Thief of Echoes, by Sandra Boyle, is a fast, moody sci-fi thriller about memory, identity, and the danger of letting powerful institutions decide what counts as truth. Elara Vale works inside a system built to extract, archive, alter, and erase memories, but the story really begins when one corrupted thread pulls her toward a buried part of her own past. Early on, she asks, “What does it say about me that I’m better at stealing memories than saving them?” That question becomes the emotional engine of the book.

The novel’s world is sleek, cold, and unsettling in a way that fits the story perfectly. The Ministry, neural syncs, memory residue, echo files, and underground networks all feel like pieces of a society that’s learned how to control people without always needing chains. Boyle gives the tech a haunted quality, so the book doesn’t read like a gadget-heavy future. It reads like a mystery where every machine might be hiding a ghost.

Elara is the heart of the book, and she’s easy to follow because her fear never makes her passive. She’s scared, confused, angry, and often unsure of what’s real, but she keeps moving anyway. Her relationships with Milo, Maren, Lena, and the other fractured figures around her give the story its warmth. The book works best when it lets those connections push against the colder conspiracy plot, especially as Elara starts to understand that memory isn’t just evidence.

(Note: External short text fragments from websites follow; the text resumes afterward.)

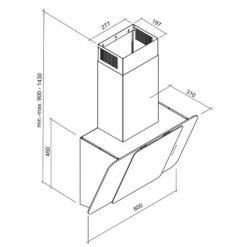 Hotte décorative inclinée 80cm 736m3/h noir - ghw880bk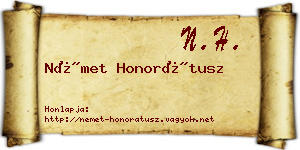 Német Honorátusz névjegykártya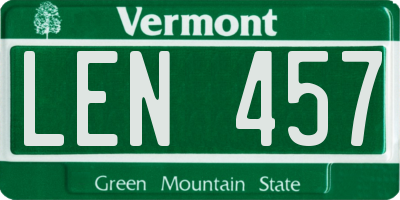 VT license plate LEN457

It’s selfhood.

One of the strongest threads is Elara’s struggle to trust herself when her own mind has been tampered with. Her father’s warning, “Don’t trust the official version of your own story,” lands as both a plot clue and a personal command. That line captures what the book is doing: turning a rebellion against a corrupt system into a fight for the right to own your own past. The shifting points of view also help widen the story, showing how many people have been damaged, rewritten, or made complicit by Mnemosyne’s machinery.

As the first book in a series, Thief of Echoes builds toward revelation while leaving plenty of doors open. It’s a story about a woman pulling herself out of someone else’s design, one memory at a time. The ending gives Elara a sense of hard-won agency, while the epilogue makes it clear that the larger conflict is only beginning. Readers who like conspiracies, fractured memories, secret archives, and heroines who have to rebuild themselves from stolen pieces will find a lot to enjoy here.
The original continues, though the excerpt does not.